There are a few definitions that need to be understood in order to fully comprehend and utilize CIP. Problem is synonymous with career problem and is defined as a “gap between an existing and a desired state of affairs” (Sampson et al., 2009, p. 4). The gap may be between an existing state (e.g., knowing I need to make a choice) and an ideal state (e.g., knowing I made a good choice). Problem-solving is a “series of thought processes in which information about a problem is used to arrive at a plan of action necessary to remove the gap between an existing and a desired state of affairs” (Sampson et al., 2009, p. 5). Decision-making includes “problem-solving, along with the cognitive and affective processes needed to develop a plan for implementing the solution and taking risks involved in following through to complete the plan” (Sampson et al., 2009, p. 6).
CIP theory assumes that effective career problem-solving and decision-making requires the effective processing of information in four domains: (1) self-knowledge, (2) occupational knowledge, (3) decision-making skills, and (4) executive processing (Sampson et al., 2009). Self-knowledge includes individuals’ perceptions of their values, interests, skills, and employment preferences. Occupational knowledge includes knowledge of individual occupations and having a schema for how the world of work is organized. Decision-making skills are the generic information processing skills that individuals use to solve problems and make decisions. Executive processing includes meta-cognitions, which control the selection and sequencing of cognitive strategies used to solve a career problem through self-talk, self-awareness, and control and monitoring.
Social Support and Career Planning
There is limited research examining social support and career planning.
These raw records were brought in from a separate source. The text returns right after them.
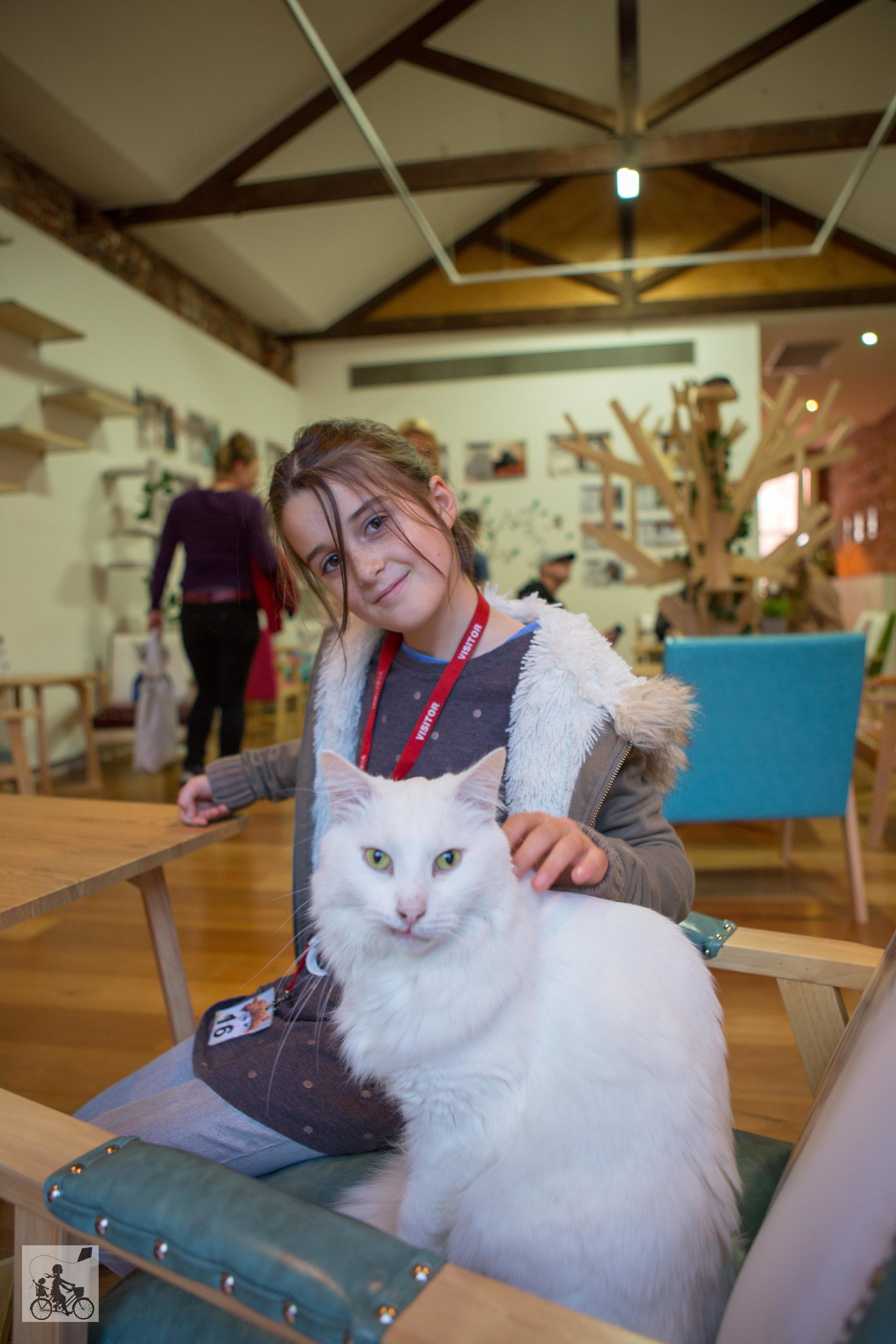 cat cafe, melbourne - mamma knows melbourne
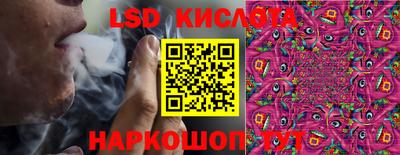 прущие грибы Коммунар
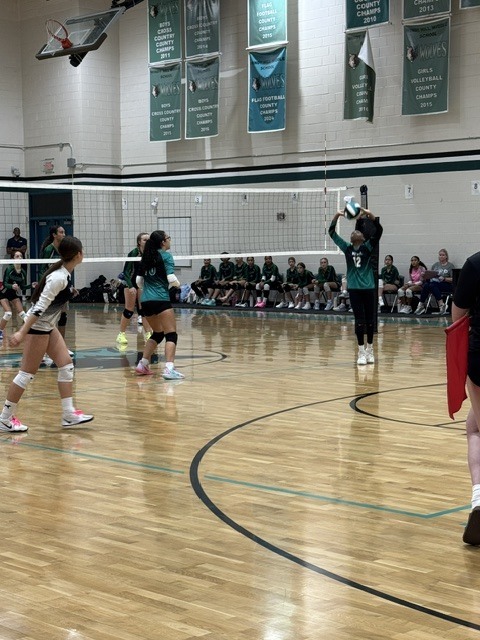 volleyball WHMS vs. MHA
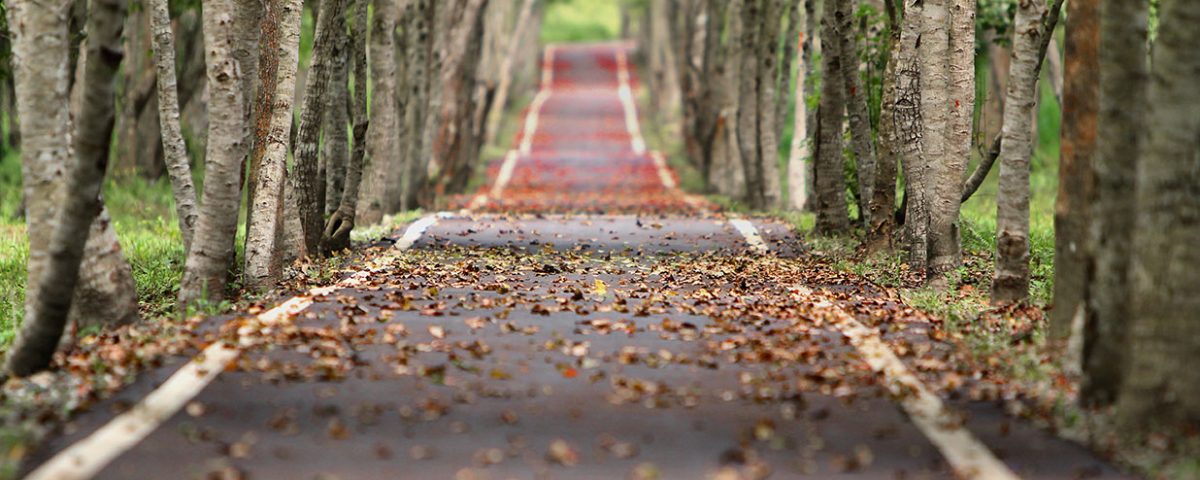 Eating Disorders: More than Meets the Eye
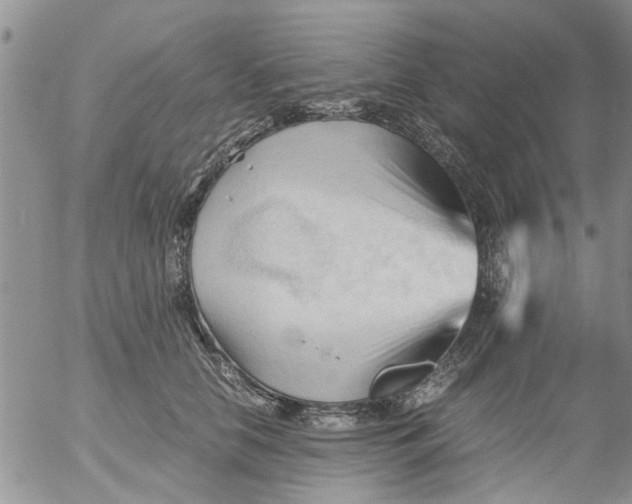 X0000053090658200508012034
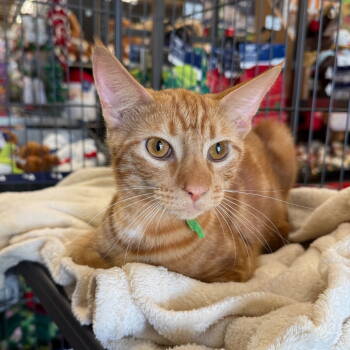 Rescue Tabby Cats for Adoption in Chico, California - FLICKER | PetCurious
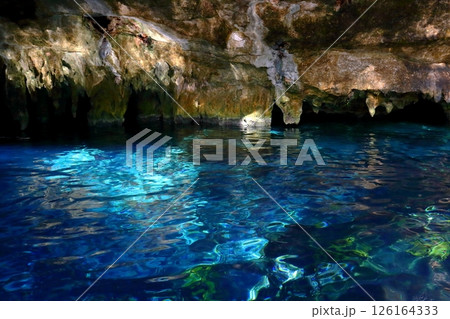 中米メキシコのカンクンにて、透明度抜群の秘境グランセノーテ 中米メキシコのカンクンにて、透明度抜群の秘境グランセノーテ 126164333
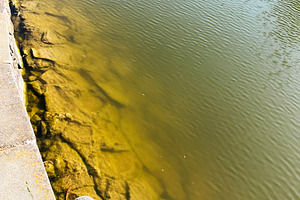 Two turtles resting on a sunlit lakeside with calm water, a Photo by AS photostudio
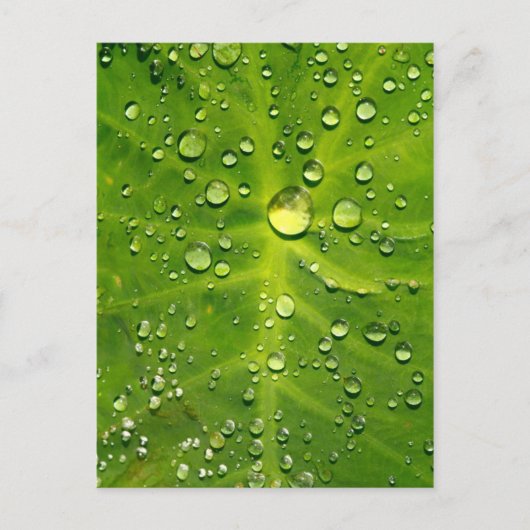 Rachenblätter Postkarte (Vorderseite)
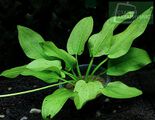 Echinodorus Foxtail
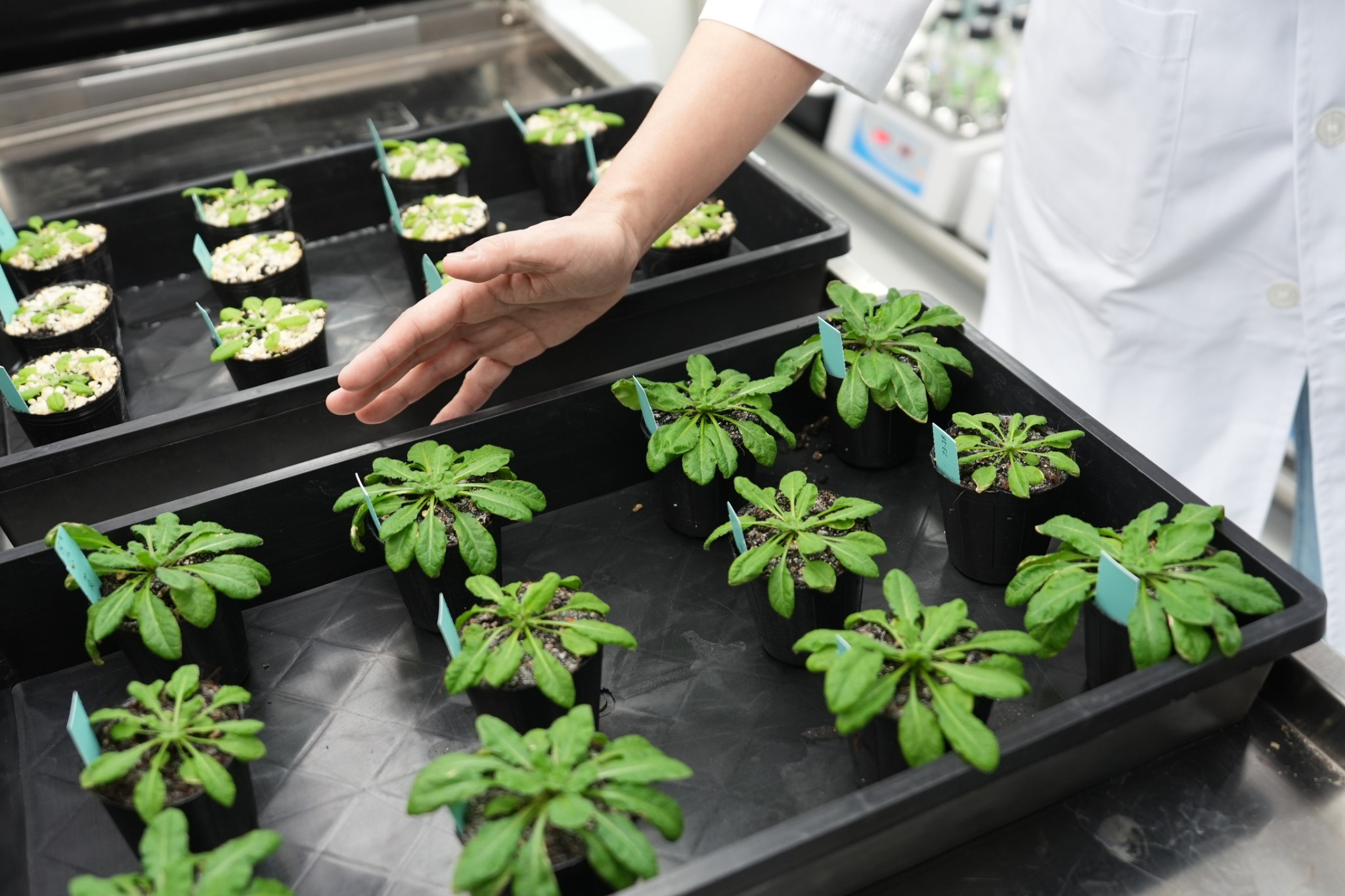 透過不同實驗設計蒐集數據，研究觀察雙固碳循環對植物的影響。（圖片來源：中央研究院）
Career planning is related to career thoughts by the appraisal or cognitive processing that occurs during career decision-making. Based on limited scientific findings, social support has been found to have a positive and important effect on career planning. In a study on unemployed individuals, Blustein (1992) found that instrumental support in the form of constructive advice and resources help to better appraise career-related information and adapt to the novel circumstances. It also was found that social support can positively affect the recipient’s experience and is an important determinant of career activities such as researching career options or seeking assistance from a career advisor.
Similar findings indicate that along with instrumental support, emotional social support which is characterized by empathy, caring, love, and trust from families is especially important during stressful transitions such as job loss (DeFrank & Ivancevich, 1986). Regarding students and career planning, Quimby and O’Brien (2004) found that perceptions of robust social support resulted in feelings of confidence both in managing the responsibilities associated with being a student and pursuing tasks related to advancing vocational development. Though it is evident that social support is an important factor in the career planning process, additional research examining this construct and its place in career development is needed.
Given the reviewed literature and current gap, the purpose of this study was to examine the relationships among satisfaction with five types of social support and negative career thoughts in collegiate athletes and non-athletes.
Non-student-athletes and National Collegiate Athletic Association (NCAA) Division I student-athletes from the same university were recruited for this study. Complete data were obtained from 272 participants (154 non-athletes and 118 athletes). One hundred forty-six (53.7%) of the participants were male and 126 (46.3%) were female. The race/ethnicity breakdown was as follows: Caucasian (n = 162, 59.6%), African American (n = 74, 27.2%), Hispanic (n = 15, 5.5%), Asian American (n = 1, 0.4%), other (n = 12, 4.4%), and more than one apply (n = 8, 2.9%). Forty-three (15.8%) of the participants were freshman, 65 (23.9%) sophomores, 94 (34.6%) juniors and 70 (25.7%) seniors. Of the athletes, the varsity sport breakdown was as follows: baseball (n = 13, 11.0%), basketball (n = 14, 11.9%), football (n = 37, 31.4%), golf (n = 5, 4.2%), soccer (n = 7, 5.9%), softball (n = 8, 6.8%), swimming & diving (n = 8, 6.8%), tennis (n = 3, 2.5%), track & field (n = 18, 15.3%), and volleyball (n = 4, 3.4%). One (0.8%) athlete did not indicate involvement in a particular sport.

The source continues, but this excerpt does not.